Team 1 Plastics’ New Tool Determines Which Machine to Use for Each Job
Team 1 Plastics, a plastic injection molding company for the mobility industry, is focused on continuous improvement in every aspect of its business. It was this focus that caused the Engineering Department to develop a new tool to help the company determine which injection molding press should be used for new production jobs.
Each time Team 1 Plastics is awarded a new production job that requires a mold to be built, the company must determine which injection molding machine will be used to manufacture the parts. The Engineering Department must consider factors such as which press will the mold fit into, what type of resin will be used, and what robotics are needed?
Until recently, Team 1 Plastics did not have a very efficient way of determining which press should be used. Dave Seedorf, Engineering Manager for Team 1 Plastics, said that there have been times when the company had planned to use a particular press for a job, and then when the newly built mold arrived at Team 1, they discovered that the mold could not fit into the designated press. He said that having to move a job to another press can disrupt timing of trial runs of parts and negate the planning and preparation work done by Process Engineers.
“For example,” Seedorf said, “a job might be earmarked and quoted for a 100-ton machine. The mold is built with this in mind. But, when the mold is completed and arrives, it doesn’t fit into the specified 100-ton machine or there is some other reason why it cannot run in the specified machine. We have to put it in a 150-ton or a 180-ton machine. Unfortunately, we have a trial scheduled, and the Process Engineer had planned and prepared to put it into the 100-ton machine. Things have to be changed because this doesn’t fit, or the robot doesn’t work, or some other factor needs to be adjusted. Things get really hectic, because you’ve got to start making parts. Moving from one machine to another is very stressful.”
Mitch Hemgesberg, Process Engineer for Team 1 Plastics, added that he had observed that there might be “five or six people emailing back and forth asking each other whether a new mold would fit into a certain press.” Hemgesberg thought, “Why don’t we just have one person determine whether it will fit and know for sure?” And, then, he did something about it.
Using conditional formatting in a Microsoft© Excel spreadsheet, Hemgesberg created Team 1’s Molding Machine Calculator which Seedorf described as a tool that “takes a lot of information from mold sizes to machine parameters to shot size. It determines a good or bad situation of using a particular mold in each of Team 1’s presses, displaying green, yellow, or red for each of the criteria.
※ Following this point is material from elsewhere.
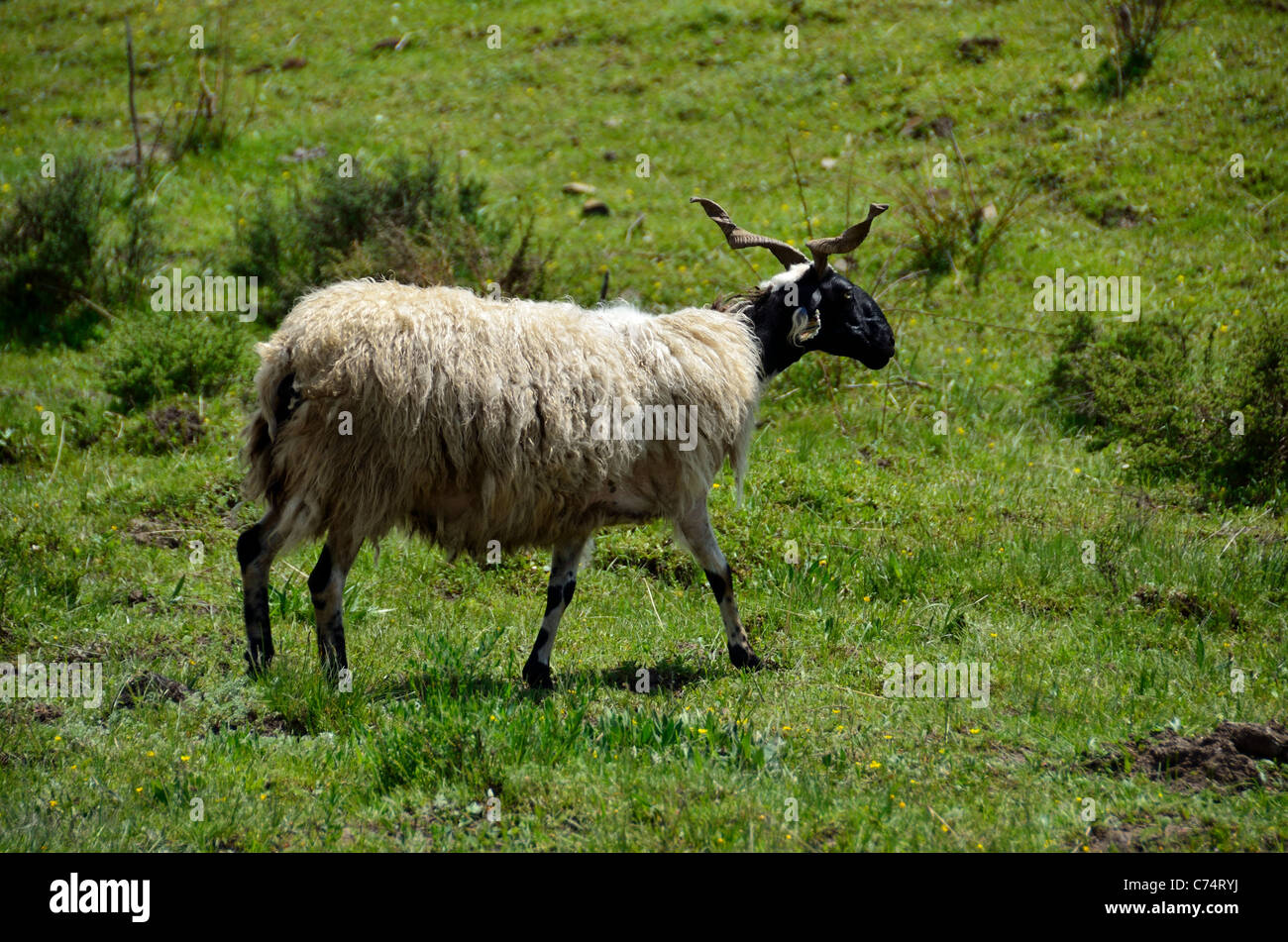 Un des moutons à poil long d'exécution sur l'herbe. Au Sichuan, en Chine. Banque D'Images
The factors that are okay are green. If any of the boxes are red, we know that we can’t use the mold in that press.”
The Molding Machine Calculator is currently using the following 12 parameters to determine which presses could be used for a job:
- Shot Weight
- Mold Stack Height
- Mold Width
- Three-Plate Mold (Dual/Single Arm Robot)
- Clear Material Press
- Number of Hydraulic Cores
- Scara Robot Required (Tray Packing)
- Part Handler Required
- Clamp Pressure Required
- Injection Pressure Required
- Hygroscopic Material/P-Certified Press Required
- K-Cut Required
Seedorf said that the Molding Machine Calculator has definitely made a difference in efficiency and accuracy of planning the press to use for each job. “We are about 98% accurate in our press selection. I think the Calculator has made the entire process — not just the molding process — but the whole manufacturing process more efficient.”